Input below:
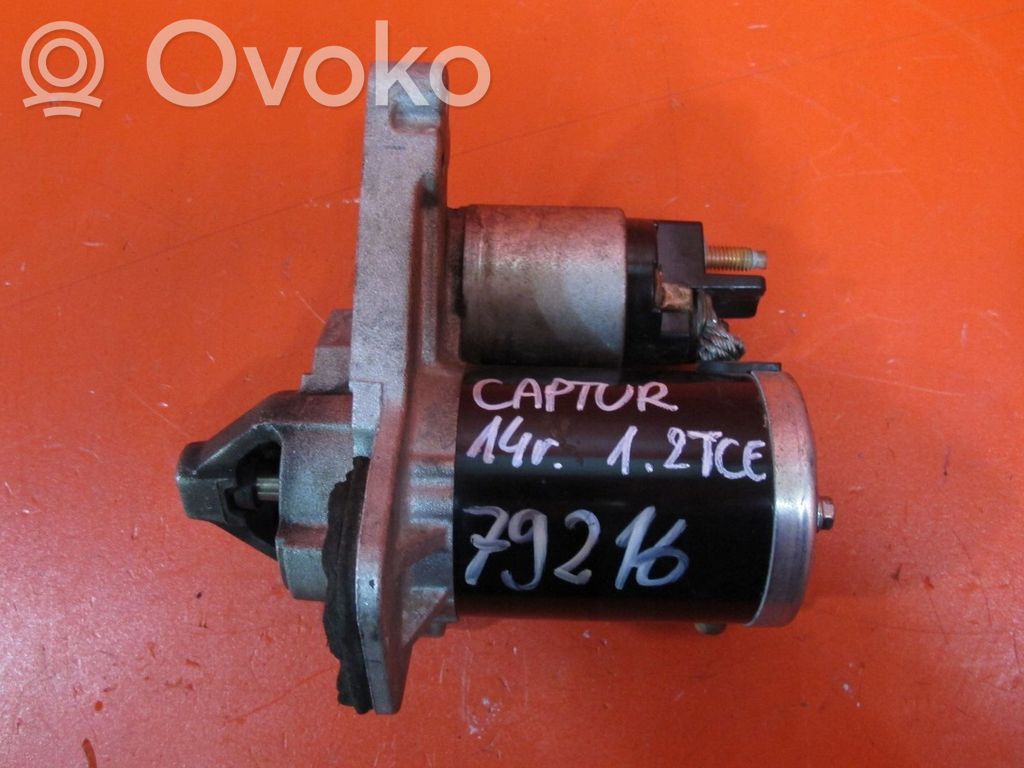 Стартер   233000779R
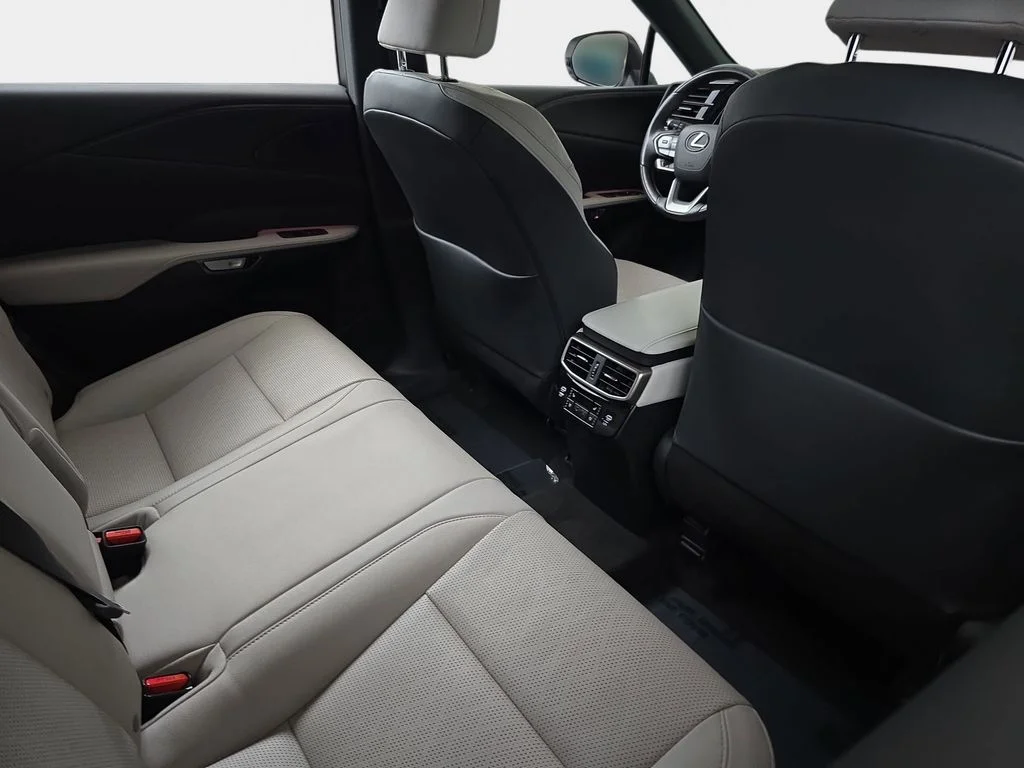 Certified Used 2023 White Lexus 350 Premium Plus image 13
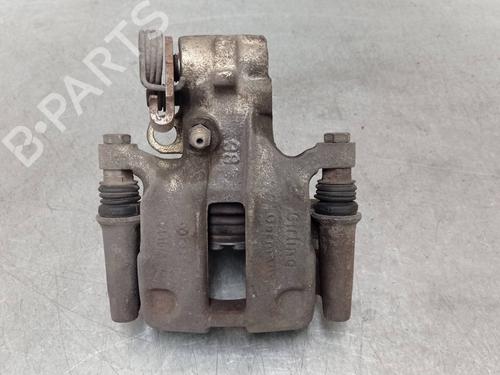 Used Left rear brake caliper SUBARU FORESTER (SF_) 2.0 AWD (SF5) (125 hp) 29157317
End of Input.
Input below:
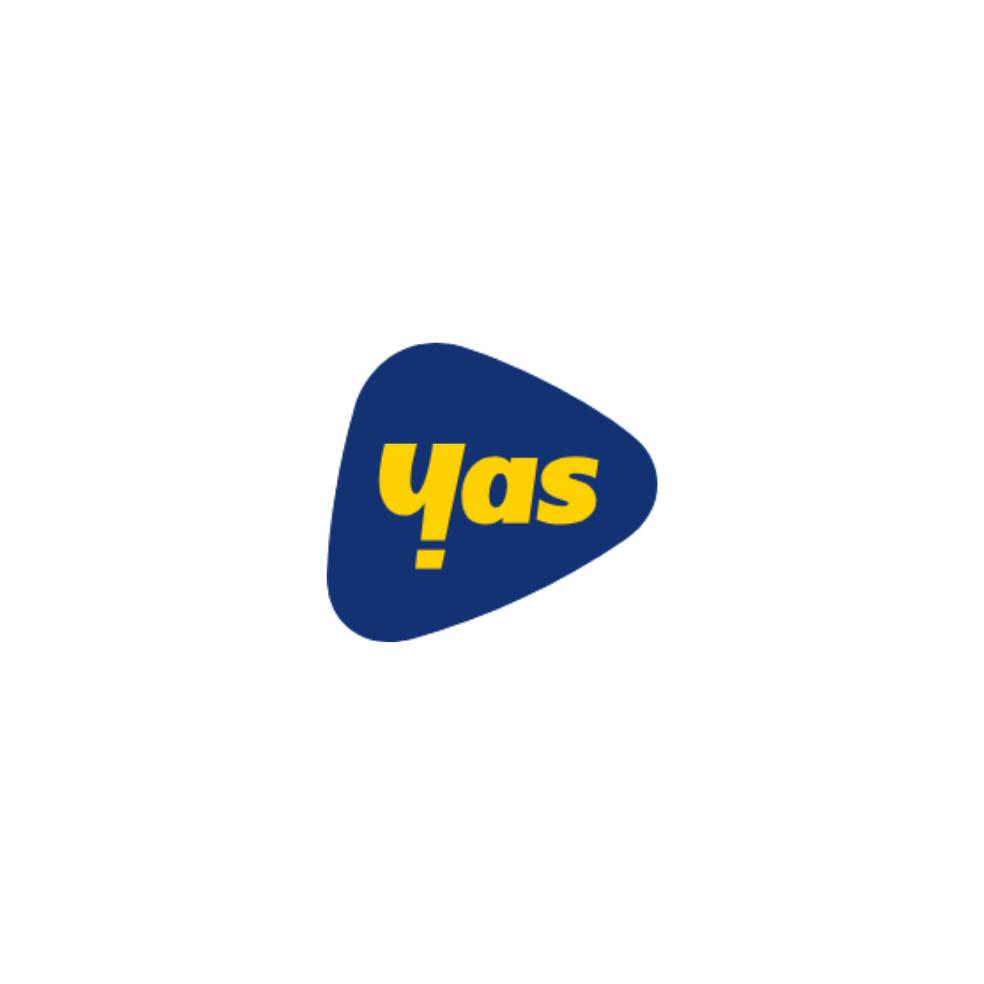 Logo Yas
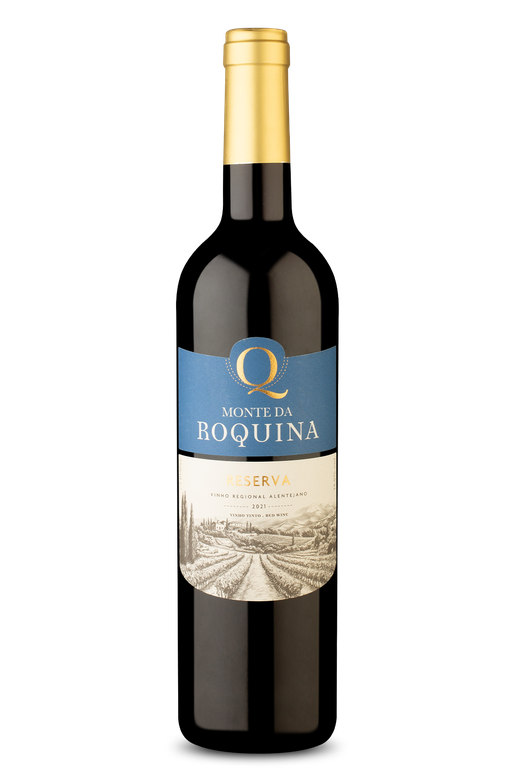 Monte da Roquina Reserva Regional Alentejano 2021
End of Input.
## Task goal:
Both the line containing "Certified Used 2023" and the line containing "Used Left rear" above belong in the output, as do the lines between them. Print them exactly, without pictures.

## Problem solution:
 Certified Used 2023 White Lexus 350 Premium Plus image 13
 Used Left rear brake caliper SUBARU FORESTER (SF_) 2.0 AWD (SF5) (125 hp) 29157317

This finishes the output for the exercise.